So sad to hear about the project discontinuation, but of course we all struggle with time and I understand.

Would it be possible to add a few pointers to other tools that can be used in the "much more mature [container ecosystem]" that we have today ? The homepage now says "most of the critical and outstanding features of rocker can be easily covered by docker build or other well-supported tools", but I have hard time finding tools I could consider in the future.

The future is probably buildkit-based, but it's not looking "mature" yet to me. Also, if the frontend is dockerfile-based, we still have the same issues than before (no volume mount, no artifact generation in dedicated images ...).

As far as I understand, docker build and Dockerfile language evolved to allow "multi-step" builds, but IMHO, this is insufficient to cover all use cases that Rocker covers.

I tried to explore most tools found in awesome docker's build section (https://github.com/veggiemonk/awesome-docker#builder), but I can't find a tool as good, simple and flexible as rocker.

Do you have some pointers for us?

Thanks!

Hey, @hartym. Thanks for bringing it up. I agree with you, not all rocker's features can be covered, at least, from what I could find quickly. We may need to change the disclaimer to make it more clear.

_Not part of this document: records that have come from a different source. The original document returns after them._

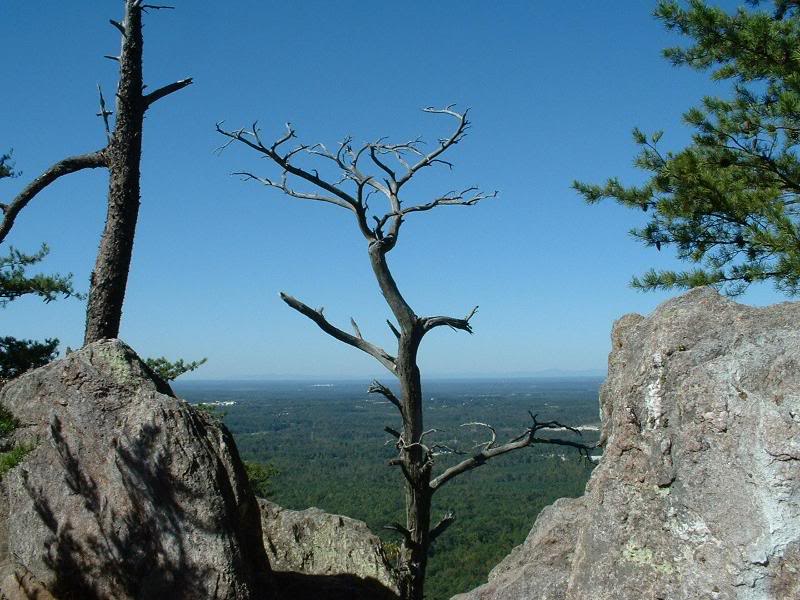 Atop Crowders Mountain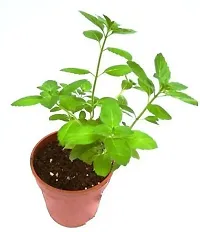 Platone Tulsi Plant Tulsi_01-thumb1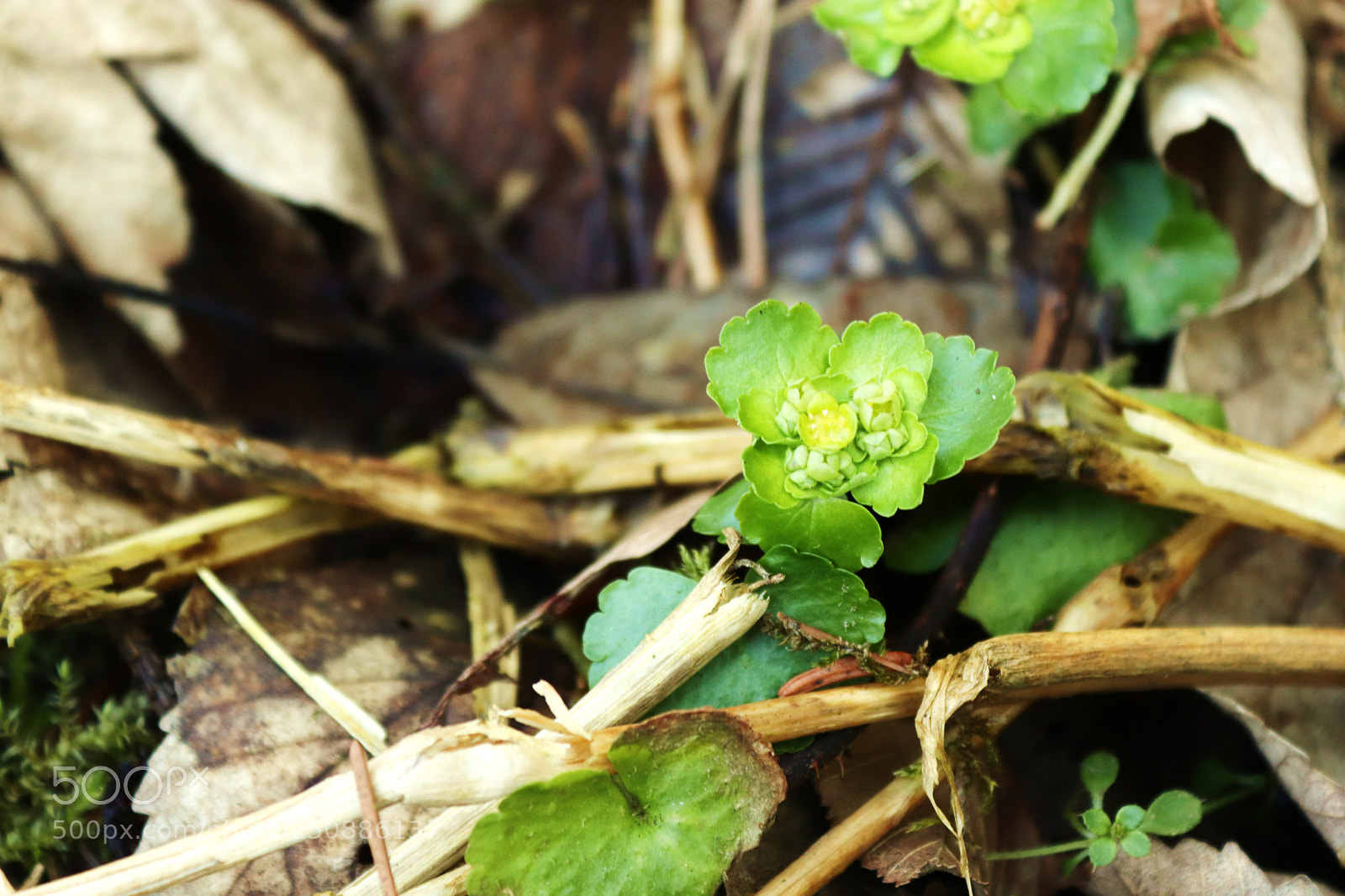 Canon EOS 77D (EOS 9000D / EOS 770D) sample photo. Untitled photography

Let's go through those features in more detail:

  1. Multi-FROM. Docker multi-state builds covers this and indeed does this in a bit more idiomatic way. Rocker's EXPORT/IMPORT directives have glitches (they are dirty hacks by nature), while COPY --from is a much more elegant solution. I wanted to do something similar while designing multi-stage in rocker, but there was lack of appropriate APIs to do so that time.
  2. MOUNT – the most used and the hackiest feature. While solving the problem of package manager cache invalidation, it breaks the overall idea of immutability of docker builds and brings some nasty side-effects. It's clear why official docker toolset will never have something like this, but the problem remains. Docker's new --cache-from also doesn't seem to help here, though I'm not sure. I had a theory that the problem can be solved by adding a local package proxy – HTTP-level or even a more specific like npm-proxy-cache – this may speed up the process of loading the dependency tree, replacing the internet with loopback interface, which is almost a disk read. I spent one day of experimenting with no luck, but I still believe it can solve the problem if invest more time in it.
  3. Templating. We use it extensively at Grammarly and hold ourselves to not add new functions to the templater covering our specific use-cases. The problem with templating is similar (in the spirit) to other Rocker features: it gives you much power by breaking the rules. At our practice, some Rockerfiles become so complex and ugly that sometimes require a major refactoring. For example, a complex templated Rockerfile can be refactored into two separate files, and though having code duplication, the files themselves become much clearer. Believe it or not, many things can be done by using Docker's ARG and ENV. After all, no one forbids you to run your own pre-processor before running docker build, or is there a problem with this approach? I don't remember.
  4. TAG/PUSH. Yes, this is a nice and small feature, and a lot of people love it. Still, not a major thing as most of the build procedures are scripts and you can always add another line of bash. The only downside is that you most of the times want the Dockerfile and the repository URL to come together. I sometimes see people committing build.sh scripts along with Dockerfiles – though clutchy, maybe this is the way to go.
  5. ATTACH. Can be done by doing docker run on an intermediate layer, you can see the ID in a docker build output. Not the same thing in Rocker, as ATTACH was also loading corresponding MOUNTs, but it's not relevant if you use docker build.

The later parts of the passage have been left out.